The bottom line of this examination is the following:

  1. It is assumed that we already know that the set of rational numbers is linearly ordered, that is, for any two rationals $p$ and $q$, we can say that either $p \leq q$ or $q \leq p$ (or both, in which case, $p = q$).
  2. Rudin has just shown that there is no rational $p$ such that $p^2 = 2$.
  3. Following this, Rudin has shown that for any rational $p > 0$ such that $p^2 < 2$, there is another rational $q > p$ such that $q^2 < 2$, too; similarly, for any rational $p$ such that $p^2 > 2$, there is another rational $q < p$ such that $q^2 > 2$, too.

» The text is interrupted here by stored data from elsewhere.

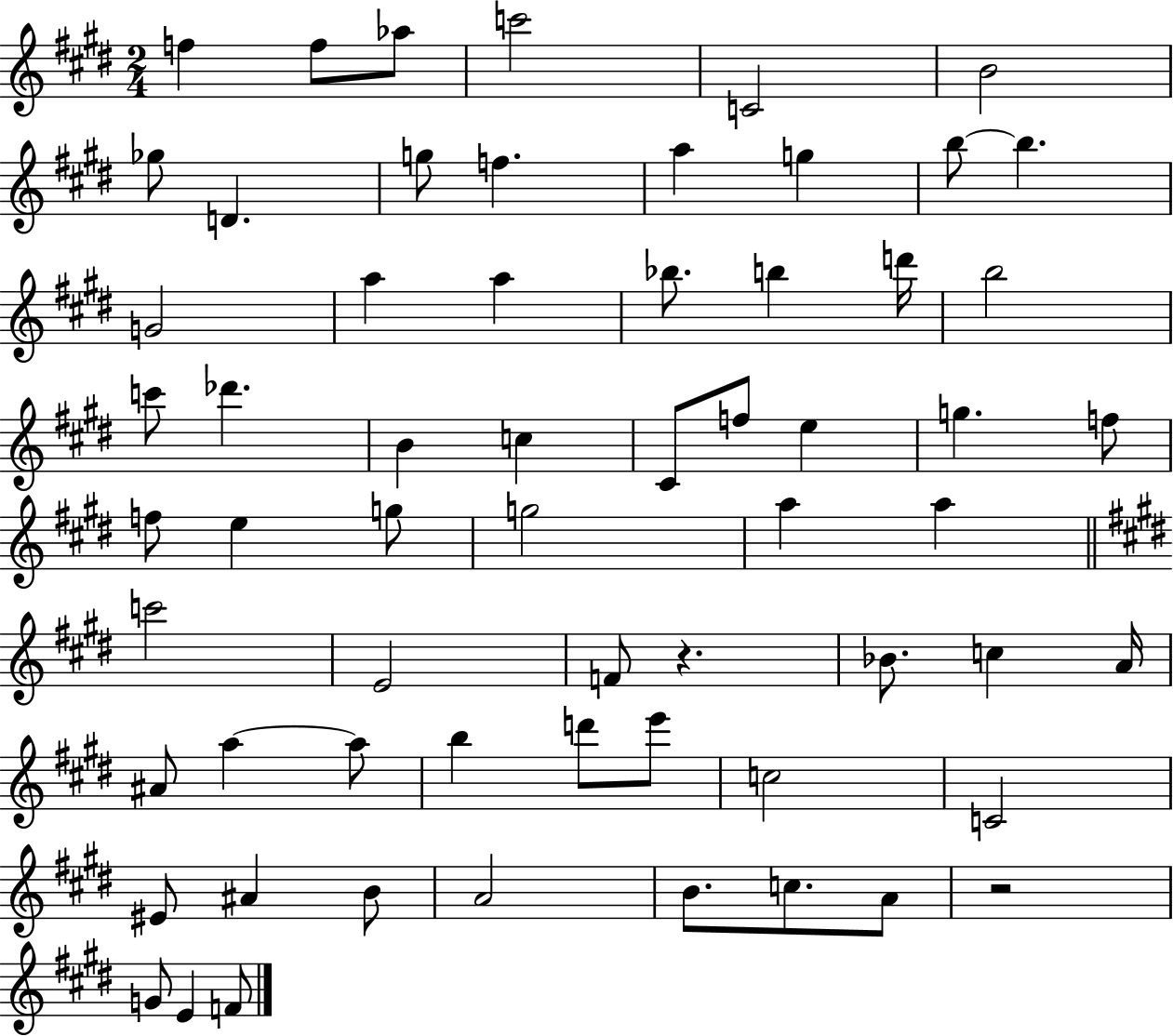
{
  \clef treble
  \numericTimeSignature
  \time 2/4
  \key e \major
  f''4 f''8 aes''8 | c'''2 | c'2 | b'2 | \break ges''8 d'4. | g''8 f''4. | a''4 g''4 | b''8~~ b''4. | \break g'2 | a''4 a''4 | bes''8. b''4 d'''16 | b''2 | \break c'''8 des'''4. | b'4 c''4 | cis'8 f''8 e''4 | g''4. f''8 | \break f''8 e''4 g''8 | g''2 | a''4 a''4 | \bar "||" \break \key e \major c'''2 | e'2 | f'8 r4. | bes'8. c''4 a'16 | \break ais'8 a''4~~ a''8 | b''4 d'''8 e'''8 | c''2 | c'2 | \break eis'8 ais'4 b'8 | a'2 | b'8. c''8. a'8 | r2 | \break g'8 e'4 f'8 | \bar "|."
}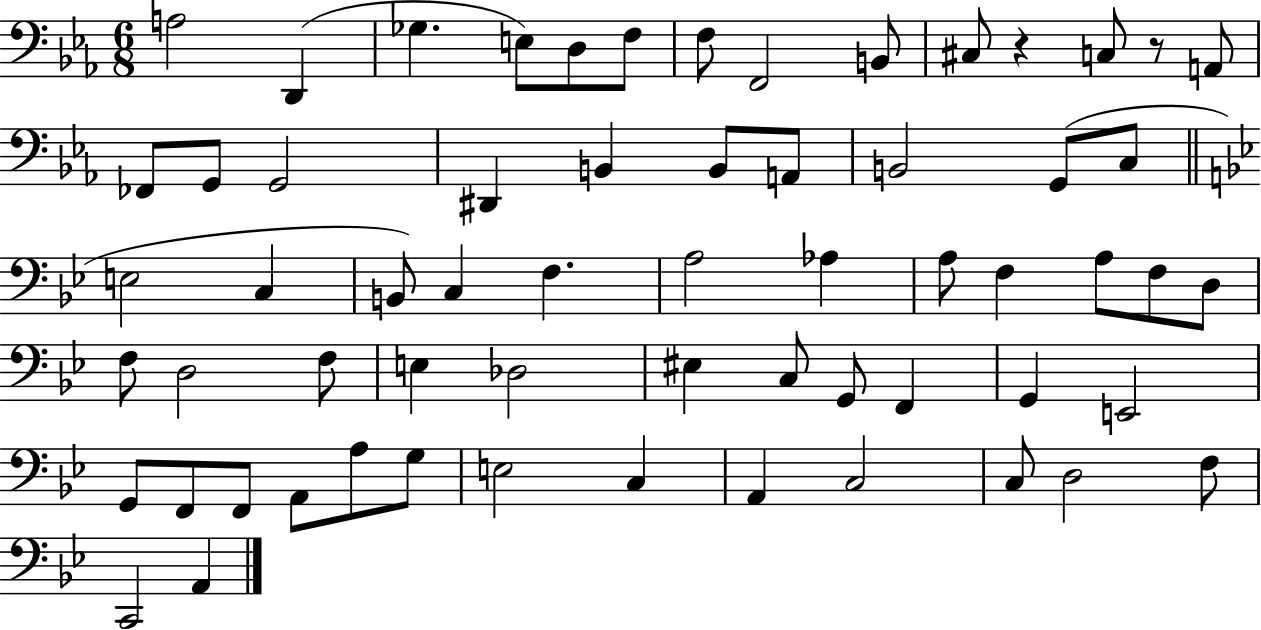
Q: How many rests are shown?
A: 2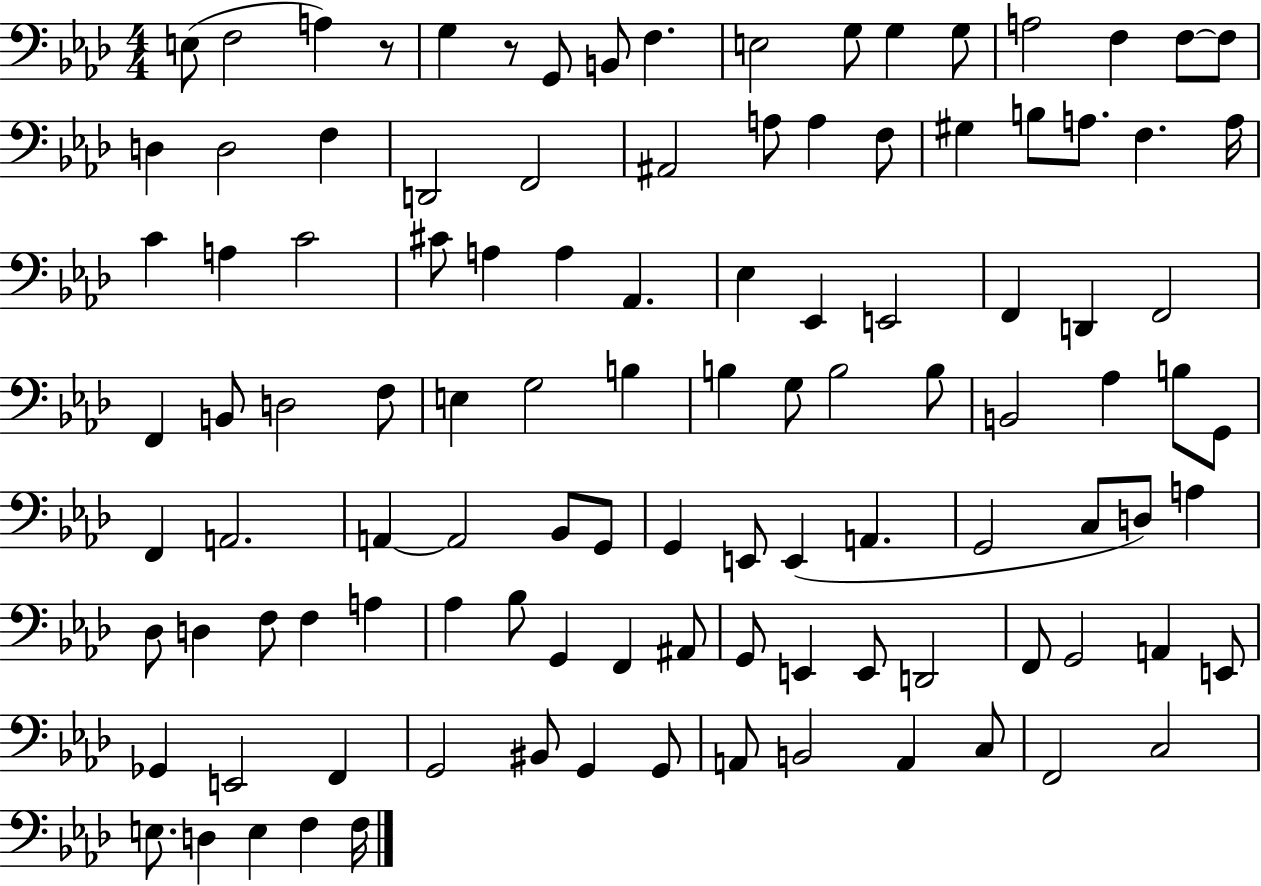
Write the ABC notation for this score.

X:1
T:Untitled
M:4/4
L:1/4
K:Ab
E,/2 F,2 A, z/2 G, z/2 G,,/2 B,,/2 F, E,2 G,/2 G, G,/2 A,2 F, F,/2 F,/2 D, D,2 F, D,,2 F,,2 ^A,,2 A,/2 A, F,/2 ^G, B,/2 A,/2 F, A,/4 C A, C2 ^C/2 A, A, _A,, _E, _E,, E,,2 F,, D,, F,,2 F,, B,,/2 D,2 F,/2 E, G,2 B, B, G,/2 B,2 B,/2 B,,2 _A, B,/2 G,,/2 F,, A,,2 A,, A,,2 _B,,/2 G,,/2 G,, E,,/2 E,, A,, G,,2 C,/2 D,/2 A, _D,/2 D, F,/2 F, A, _A, _B,/2 G,, F,, ^A,,/2 G,,/2 E,, E,,/2 D,,2 F,,/2 G,,2 A,, E,,/2 _G,, E,,2 F,, G,,2 ^B,,/2 G,, G,,/2 A,,/2 B,,2 A,, C,/2 F,,2 C,2 E,/2 D, E, F, F,/4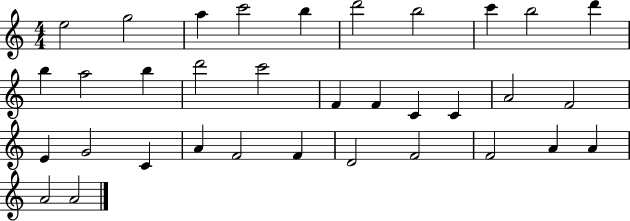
{
  \clef treble
  \numericTimeSignature
  \time 4/4
  \key c \major
  e''2 g''2 | a''4 c'''2 b''4 | d'''2 b''2 | c'''4 b''2 d'''4 | \break b''4 a''2 b''4 | d'''2 c'''2 | f'4 f'4 c'4 c'4 | a'2 f'2 | \break e'4 g'2 c'4 | a'4 f'2 f'4 | d'2 f'2 | f'2 a'4 a'4 | \break a'2 a'2 | \bar "|."
}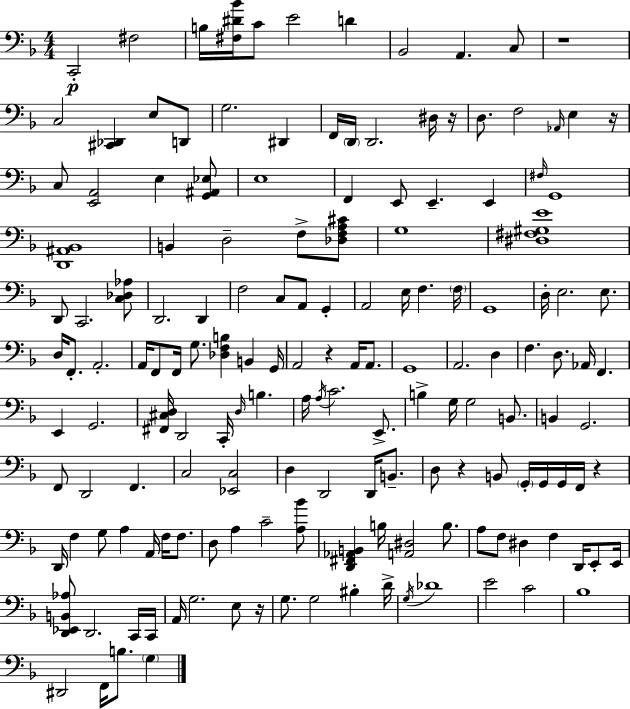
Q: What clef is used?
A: bass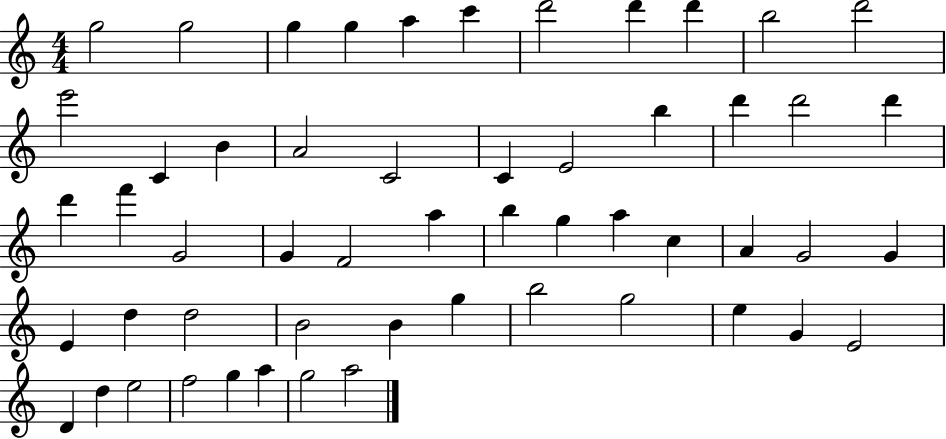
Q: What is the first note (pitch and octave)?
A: G5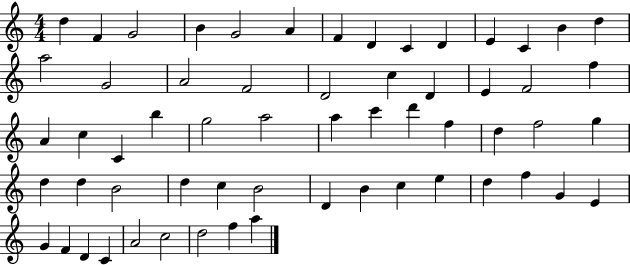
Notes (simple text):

D5/q F4/q G4/h B4/q G4/h A4/q F4/q D4/q C4/q D4/q E4/q C4/q B4/q D5/q A5/h G4/h A4/h F4/h D4/h C5/q D4/q E4/q F4/h F5/q A4/q C5/q C4/q B5/q G5/h A5/h A5/q C6/q D6/q F5/q D5/q F5/h G5/q D5/q D5/q B4/h D5/q C5/q B4/h D4/q B4/q C5/q E5/q D5/q F5/q G4/q E4/q G4/q F4/q D4/q C4/q A4/h C5/h D5/h F5/q A5/q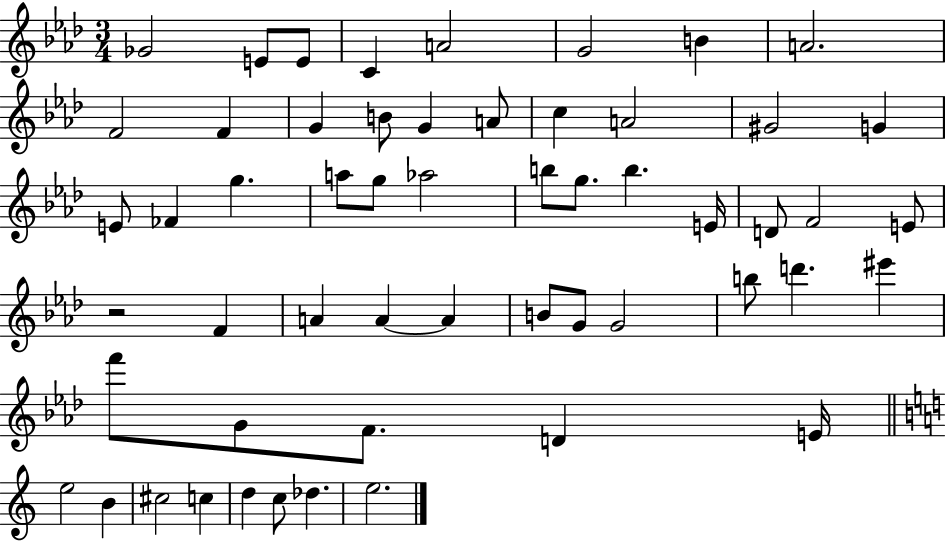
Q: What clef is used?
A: treble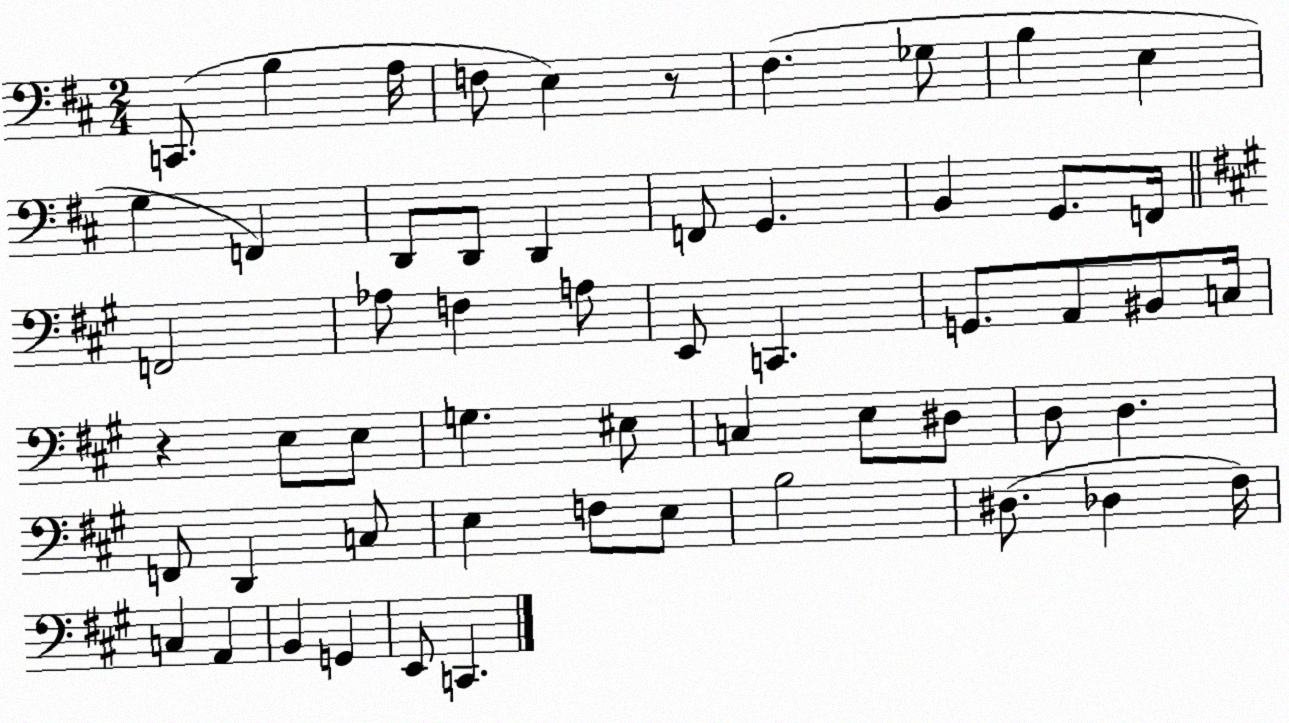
X:1
T:Untitled
M:2/4
L:1/4
K:D
C,,/2 B, A,/4 F,/2 E, z/2 ^F, _G,/2 B, E, G, F,, D,,/2 D,,/2 D,, F,,/2 G,, B,, G,,/2 F,,/4 F,,2 _A,/2 F, A,/2 E,,/2 C,, G,,/2 A,,/2 ^B,,/2 C,/4 z E,/2 E,/2 G, ^E,/2 C, E,/2 ^D,/2 D,/2 D, F,,/2 D,, C,/2 E, F,/2 E,/2 B,2 ^D,/2 _D, ^F,/4 C, A,, B,, G,, E,,/2 C,,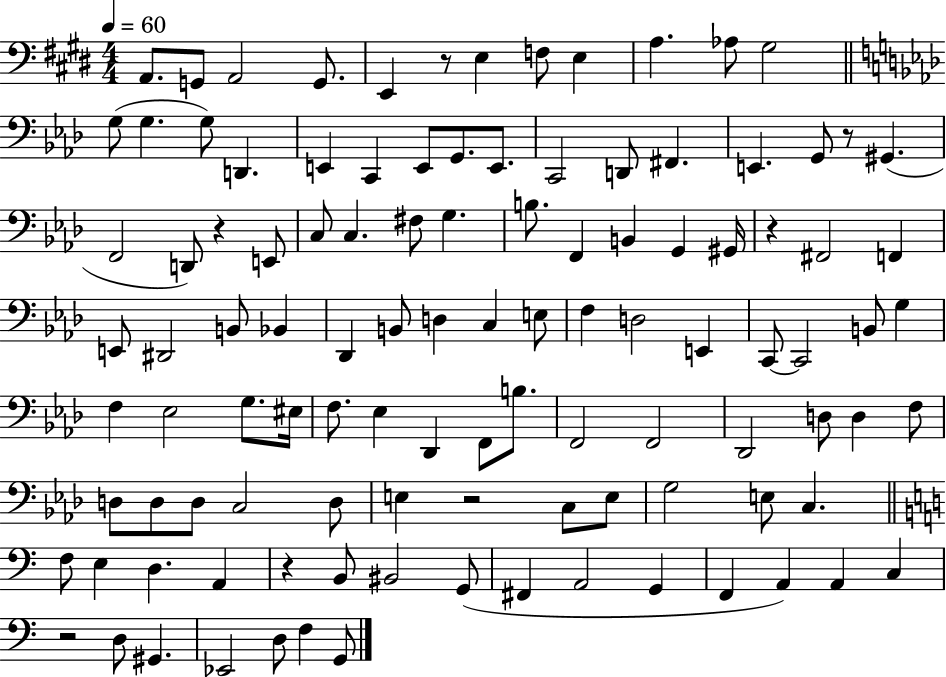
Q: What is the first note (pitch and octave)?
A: A2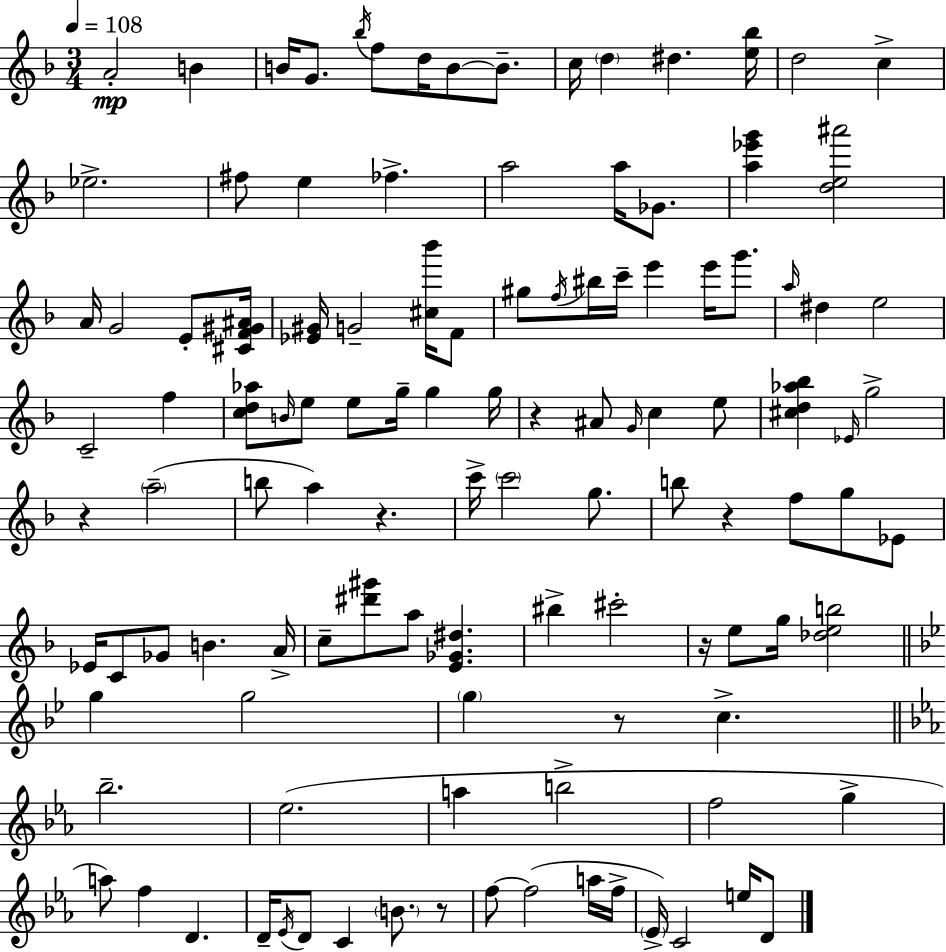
A4/h B4/q B4/s G4/e. Bb5/s F5/e D5/s B4/e B4/e. C5/s D5/q D#5/q. [E5,Bb5]/s D5/h C5/q Eb5/h. F#5/e E5/q FES5/q. A5/h A5/s Gb4/e. [A5,Eb6,G6]/q [D5,E5,A#6]/h A4/s G4/h E4/e [C#4,F4,G#4,A#4]/s [Eb4,G#4]/s G4/h [C#5,Bb6]/s F4/e G#5/e F5/s BIS5/s C6/s E6/q E6/s G6/e. A5/s D#5/q E5/h C4/h F5/q [C5,D5,Ab5]/e B4/s E5/e E5/e G5/s G5/q G5/s R/q A#4/e G4/s C5/q E5/e [C#5,D5,Ab5,Bb5]/q Eb4/s G5/h R/q A5/h B5/e A5/q R/q. C6/s C6/h G5/e. B5/e R/q F5/e G5/e Eb4/e Eb4/s C4/e Gb4/e B4/q. A4/s C5/e [D#6,G#6]/e A5/e [E4,Gb4,D#5]/q. BIS5/q C#6/h R/s E5/e G5/s [Db5,E5,B5]/h G5/q G5/h G5/q R/e C5/q. Bb5/h. Eb5/h. A5/q B5/h F5/h G5/q A5/e F5/q D4/q. D4/s Eb4/s D4/e C4/q B4/e. R/e F5/e F5/h A5/s F5/s Eb4/s C4/h E5/s D4/e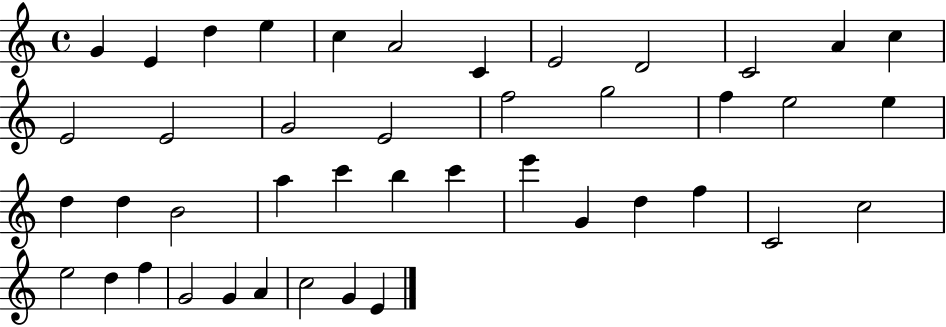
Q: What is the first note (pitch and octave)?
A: G4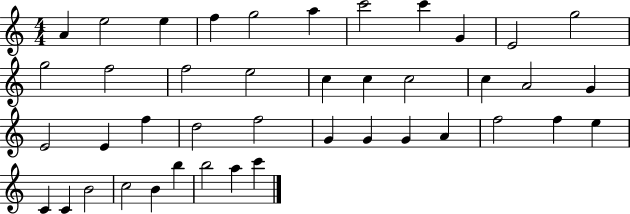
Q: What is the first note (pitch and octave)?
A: A4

Thus, the set of rational numbers appears to have "gaps" in the sense identified in 3. above. For any rational that is slightly less than $\sqrt{2}$, we can find a larger rational that is also slightly less than $\sqrt{2}$. For any rational that is slightly greater than $\sqrt{2}$, we can find a smaller rational that is also slightly greater than $\sqrt{2}$. Yet, at no point can we find a rational that is exactly equal to $\sqrt{2}$.

Hence, though the linear ordering of the set of rational numbers as in 1. suggests the mental image of a line, we must amend the naïve picture of a continuous line to note the presence of these "gaps" in this rational number line. Thus does real analysis begin.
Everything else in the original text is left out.